After an insane month of May, with finals just before the trip to Athens, putting the brakes on traveling and experiencing life in Greece is like a perfectly inelastic collision; I suddenly feel weighed down, though it’s only been two days since my arrival back in the United States.
However, the brief respite has given me time to think back on my favorite parts of the trip and reminisce, which is a good way for me to appreciate all we have done—I don’t know how we managed to fit so much in three weeks—and to begin the process of moving on to the rest of the summer.
I’ll miss the beauty of Cape Sounion, the site of Poseidon’s temple which a few of us visited, and the beautiful view of the sea and the beach close below, along with the fantastic dinner we enjoyed at a little restaurant on the beach near the archaeological site.
I’m sad to leave behind the incredible views from the islands, particularly Hydra. The winding roads led both up the mountainside and down to the beach, and with every turn there was something new to explore and dozens of stray cats to meet.
It’s difficult to bid goodbye to Athens as a whole and its amazing restaurants, churches, sights, and museums. Standing at the top of Lykavittos Hill, the Acropolis, Mars Hill, the Stavros Niarchos Foundation Cultural Center, and A for Athens gave me a chance to see much of Athens from above, and walking through the streets of the Plaka allowed me to marvel at the size of Athens’ hills.

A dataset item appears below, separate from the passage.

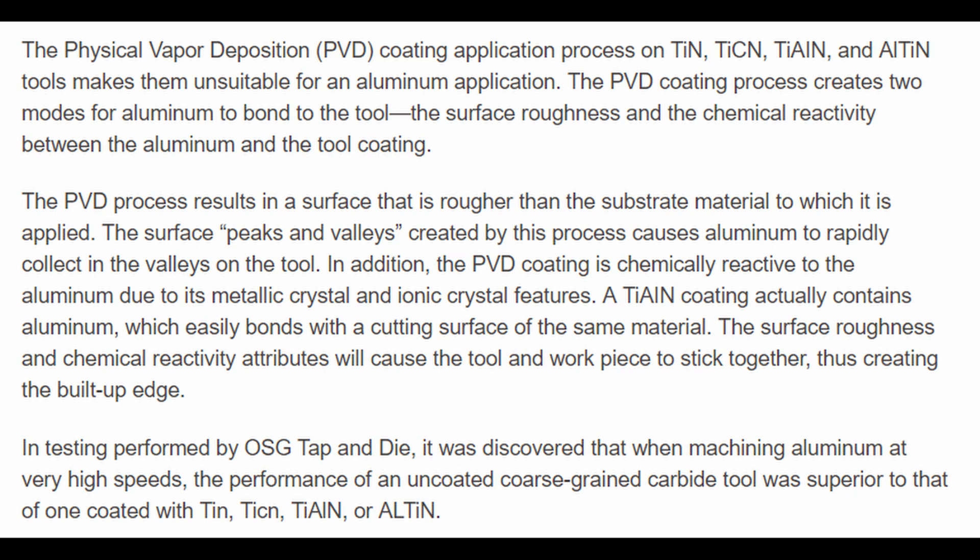So they recommended actually just having completely uncoated end mills. But they only really tested coatings besides ZRN. So I suspect that the ZRN actually does help some with the smoothness, or at least the ZRN coating doesn't reduce the smoothness in the same way that some of these other coatings do.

Mostly, though, I’ll miss the people I’ve gotten closer to during these three weeks. After daily recons in the third floor apartment, I’d become accustomed to their presence in my every waking hour. I loved getting to know so much more about the people in the CLC and bonding over wanting Paul to run for office again. I will never forget how much this trip and these memories meant to me, and I will always be grateful to the CLC for giving me this unique opportunity.